Da die Birkhuhnbestände auch in Böhmen kontinuierlich zurückgehen, war es höchste Zeit für eine konzertierte Rettungsaktion: Im Rahmen des großräumig geplanten Konzeptes zur Wiederherstellung der „Bischofsreuther Waldhufen“ in der Gemeinde Haidmühle wurde auf der Basis eines zoologischen Gutachtens (1988), der amtlichen Biotopkartierung (1988/89), der Arten- und Biotopschutzkartierung (1993) und der Artenschutzkartierung Bayern (2003) nicht nur die hervorragende Bedeutung der Moor- und Wiesengrundstücke für den Natur- und Landschaftsschutz herausgestellt, es wurden auch Managementpläne für die Reaktivierung ehemaliger Birkhuhn-Biotope entworfen. Zunächst galt es, den dichten Fichten- und Kiefernbewuchs aus dem Moor zu verbannen, der nicht nur die Rausch- und Preiselbeeren verdämmt sondern auch dem Habicht beste Voraussetzungen für einen Überraschungsangriff  auf die Birkhühner bietet. In enger Zusammenarbeit mit dem Staatsforstamt wurde das störende Nadelholz in einem Kraftakt eingeschlagen, bei Frost – bodenschonend-  abtransportiert, und das übrig gebliebene Reisig verbrannt. Als zweites galt es, die typische Moorvegetation durch Wiedervernässung zu fördern. Dazu wurden nicht nur die alten Entwässerungskanäle mit Holzhäcksel verschlossen, sondern auch ein Moorwasser-führender Bach zugeleitet. Im trockenen Oberhang wurde versuchsweise ein Wildacker angelegt, der die Birkhennen mit eiweißreicher Pflanzennahrung versorgen sollte. Darüber hinaus wurden an die 30ha brach-gefallener Wiesen wieder gemäht und für 50ha Biotopsicherungsmaßnahmen über den Vertragsnaturschutz ermöglicht.
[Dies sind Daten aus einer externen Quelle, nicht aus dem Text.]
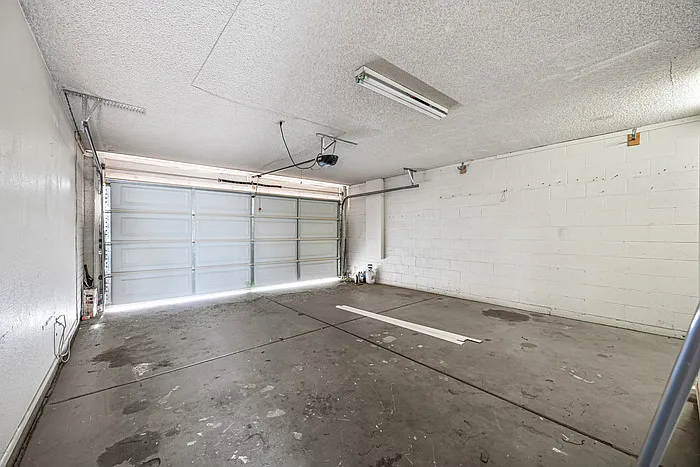 11102 W Turney Ave — Photo 17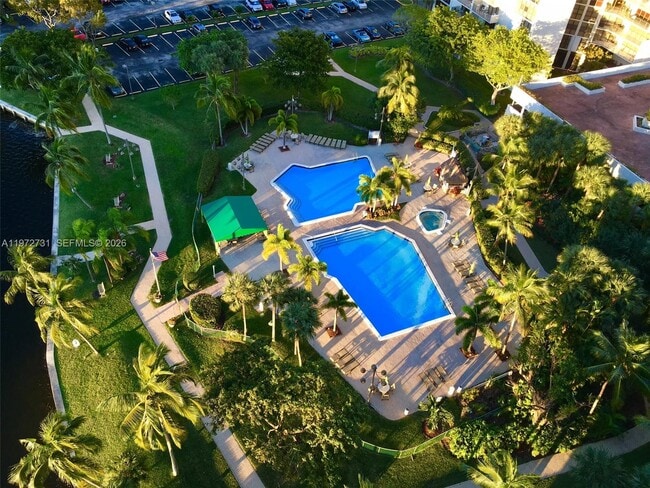 Foto del edificio - 18151 NE 31st Ct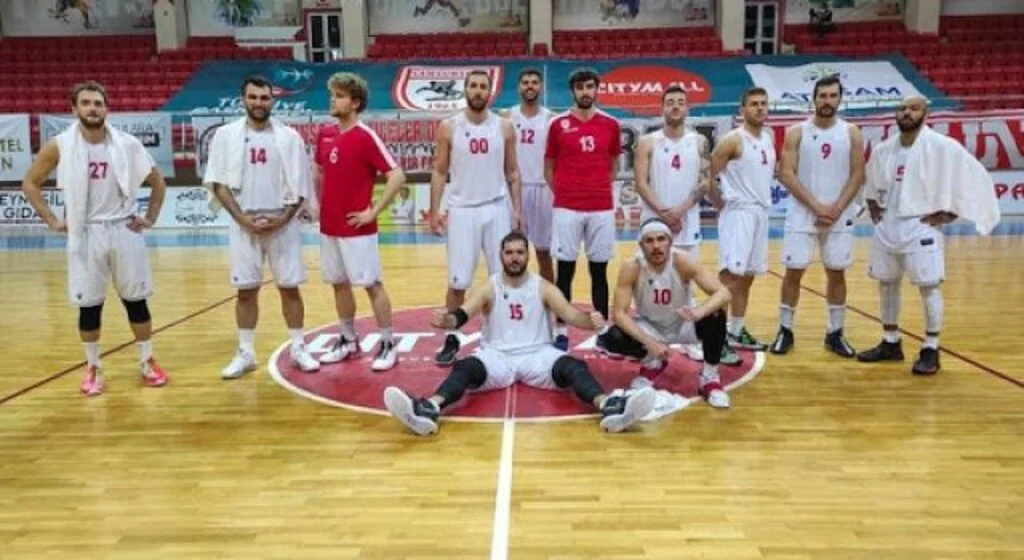 Manisa BŞB Spor: 72 Samsunspor Basketbol: 76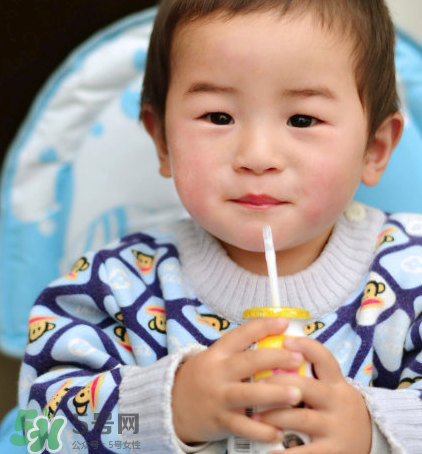 兒童能喝老年人奶粉嗎？老年人奶粉小孩能不能喝？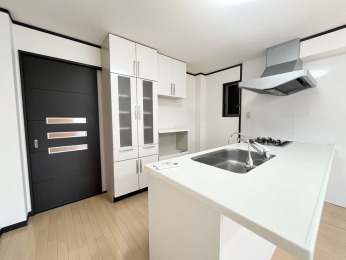 �L�b�`���@�L�b�`���͑Ζʎ��ƂȂ��Ă���܂��̂ł��q�l�������Ȃ���̉Ǝ����\�ł�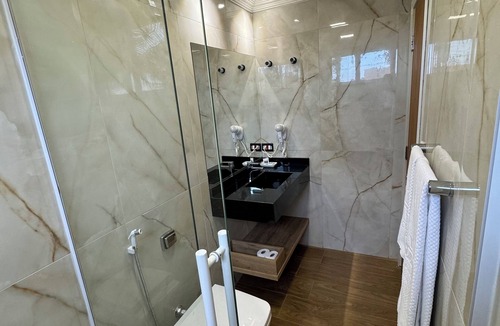 Assis Hotel | HD Plaza Hotel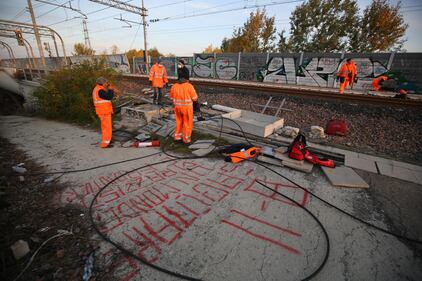 Gli antagonisti sabotano i treni 9
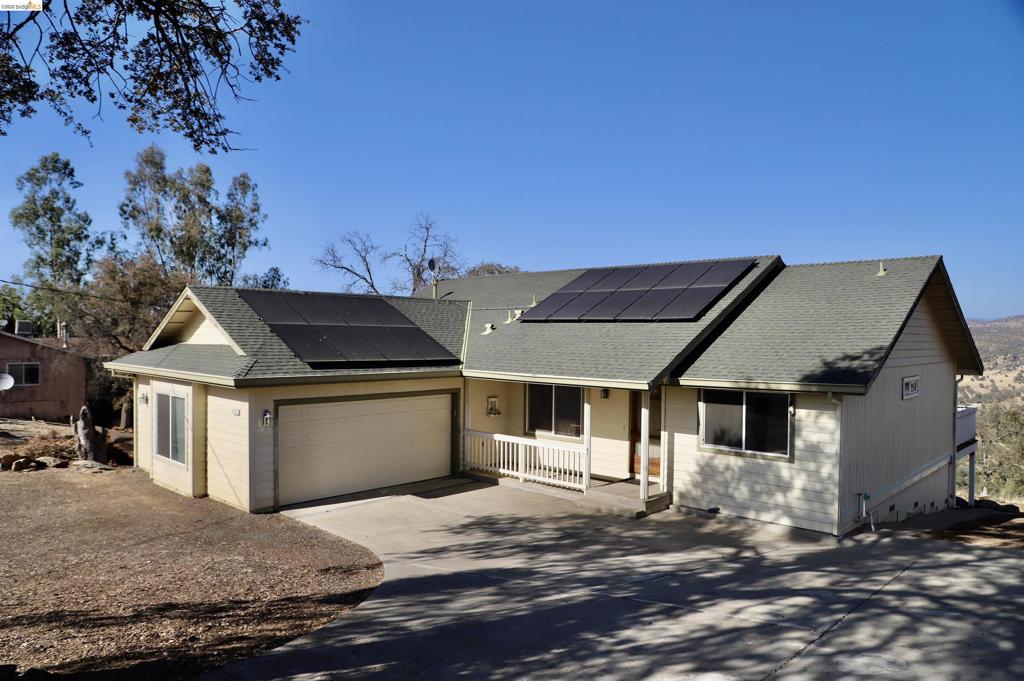 3737 Signal Hill Property Photo 1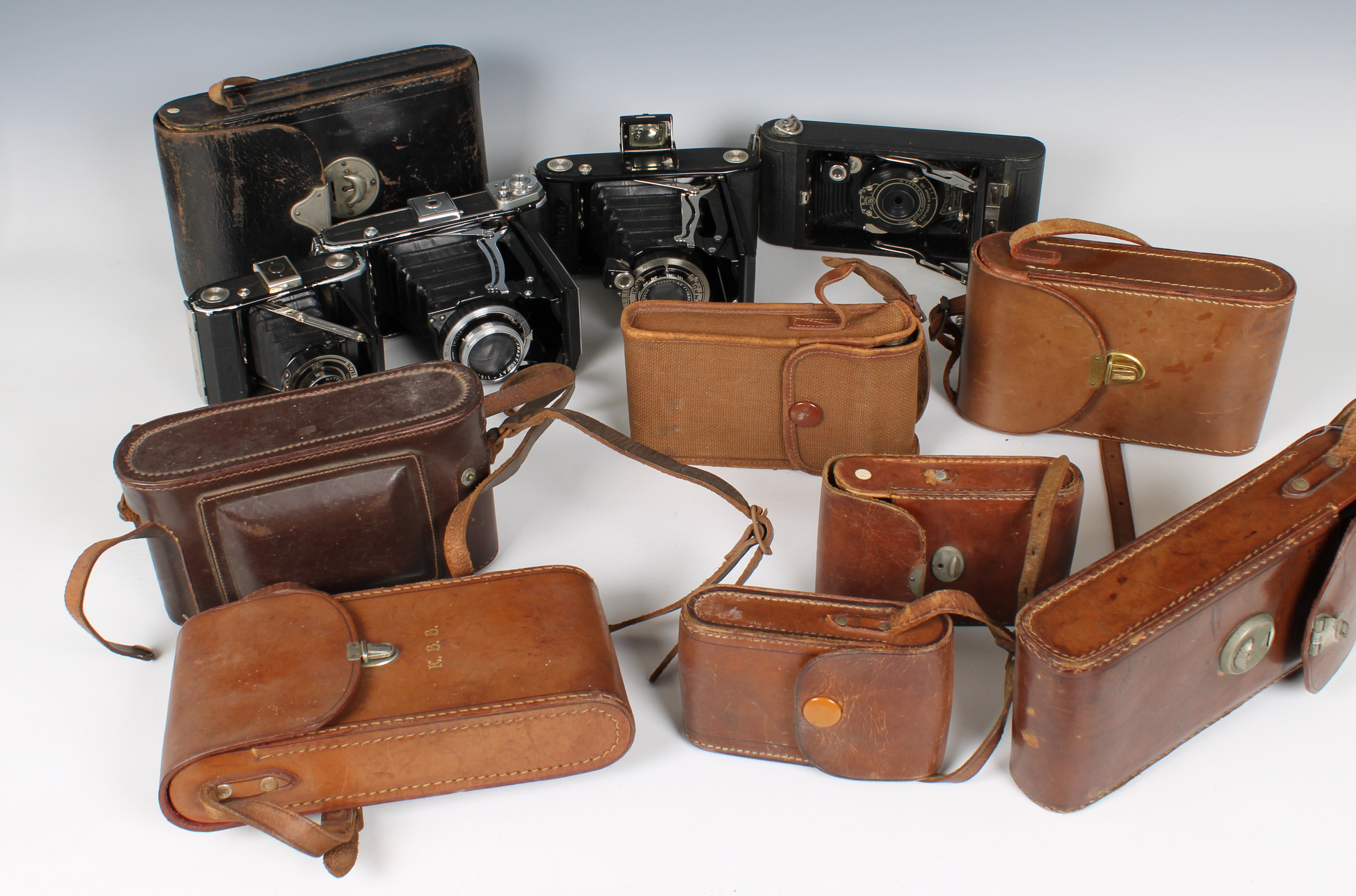Photography - An assorted collection of various vintage cameras - Image 2 of 2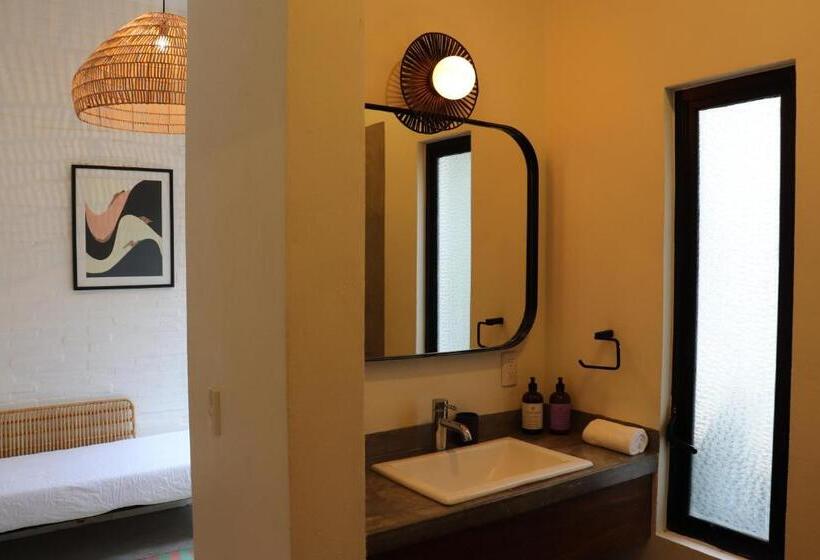 Люкс Мастер, Residencia Tropical Don Bonito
Die Bilanz aus insgesamt 10 Jahren Naturschutzarbeit am „Schnellenzipf“ ist voller Überraschungen: Denn erstens sind die Fortschritte in der Entwicklung zum ursprünglichen Moorkomplex wesentlich schneller angelaufen als erhofft; zum anderen konnte durch die Abstimmung zwischen Natur- und Vogelschutz und dem Forstamt ein insgesamt viel größerer Zusammenhang an Lebensräumen geschaffen werden, als es der Flächenankauf für sich ermöglicht hätte; zum dritten haben die Maßnahmen auf Bayerischer Seite auch die Tschechischen Naturschützer bestärkt, sich intensiver um die wertvollen Lebensräume des Grenzgebietes zu kümmern; vor allem aber haben die Birkhühner die wieder gewonnenen Flächen bereits entdeckt und in Besitz genommen. Schließlich orientieren sich alle Schutz- und Pflegemaßnahmen am Birkhuhn als „Leitart“, doch werden davon zweifellos auch Moorlibelle und Hochmoorgelbling, Bachforelle und Fischotter, Bergmolch und Kreuzotter  sowie Braunkehlchen und Bekassine profitieren!

Ein wichtiger Anfang ist gemacht, und der „Landesbund für Vogelschutz“- als wichtigster Fachverband für Biotop- und Artenschutz in Bayern - ruft zur Fortführung bzw. Ausweitung dieses erfolgreichen Kooperationsprojektes auf, damit aus dem vergessenen „Zipf“ an der äußersten Landesgrenze ein sehenswerter Modellfall für zeitgemäßes Bewahren unseres wertvollen Natur- und Kulturerbes werden kann!